Добавить в цитаты Настройки чтения

Страница 2 из 8



– Блин! Что это? – сказал Вася раздраженно вслух.

Вдруг что-то шевельнулось в глубине памяти. Как будто голос кого-то ему напомнил… Кого? Неужели отца? Но отец умер, когда был моложе этого… странного… дедули.

Вася прыгал на носках своих дорогущих кроссовок, чтобы не потерять ритм и не остудить тело. Сейчас, сейчас он побежит дальше…

– Так это ж дед мой, наверное, – Вася усмехнулся очевидной догадке.

А женский голос в первом отрывке – бабка? Вася попытался перемотать запись, чтобы еще раз прослушать загадочные разговоры.

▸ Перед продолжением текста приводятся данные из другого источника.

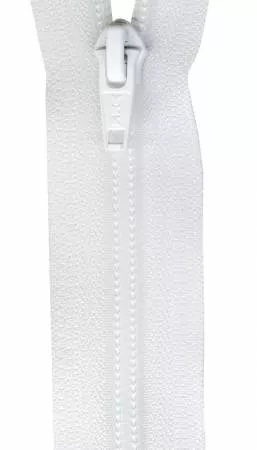 vislon-separating-robe-zipper-35in-white Vislon Separating Robe Zipper 35in White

Но записей не было – во всяком случае там, где он их слышал. Что это? Скорее всего, блуждающие звуковые артефакты, которые появились после перехода с физических на электромагнитные носители, – когда облачные сервисы стали невидимы и теперь находились в пространстве комнаты, в салоне автомобиля, вокруг идущего человека… Артефакты могли случайно прилепиться к любому треку из миллионов в домашнем облаке Васи. Как мелкие обрезки скотча, липнущие ко всем поверхностям, кроме мусорного ведра.

Басы в наушниках делали легкий точечный массаж, в новую музыкальную тему он не вслушивался. Добежал до конца улицы: сосны стояли плотной стеной, лениво покачивая в вышине пушистыми зелеными облачками. Они пахну`ли на Васю смолистым духом, насыщенными ароматами влажных ночных трав. Первые еще не лучи, а отсветы восходящего солнца уже пробивались, разгоняя колодезную тьму в глубине чащи. Хотелось постоять здесь подольше. Подождать и встретить солнце. Но вдруг в ушах что-то хрипнуло.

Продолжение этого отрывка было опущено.